_Exercise_
Please give back an exact reproduction of the lines from the one with "2016 BMW F25 X3 - Image 6 of 16" through the end of the entries below, and no others.
=== Given information ===
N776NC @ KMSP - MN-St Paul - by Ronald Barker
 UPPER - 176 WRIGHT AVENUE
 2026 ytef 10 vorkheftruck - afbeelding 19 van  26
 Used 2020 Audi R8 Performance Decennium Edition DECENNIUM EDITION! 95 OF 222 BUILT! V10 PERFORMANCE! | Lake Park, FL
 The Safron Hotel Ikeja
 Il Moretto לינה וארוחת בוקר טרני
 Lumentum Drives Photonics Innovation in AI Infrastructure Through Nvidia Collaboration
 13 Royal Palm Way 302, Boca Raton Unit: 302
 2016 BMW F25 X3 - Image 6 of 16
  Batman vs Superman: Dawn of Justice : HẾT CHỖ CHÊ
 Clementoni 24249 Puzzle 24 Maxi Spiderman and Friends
===
_Written response_
 2016 BMW F25 X3 - Image 6 of 16
  Batman vs Superman: Dawn of Justice : HẾT CHỖ CHÊ
 Clementoni 24249 Puzzle 24 Maxi Spiderman and Friends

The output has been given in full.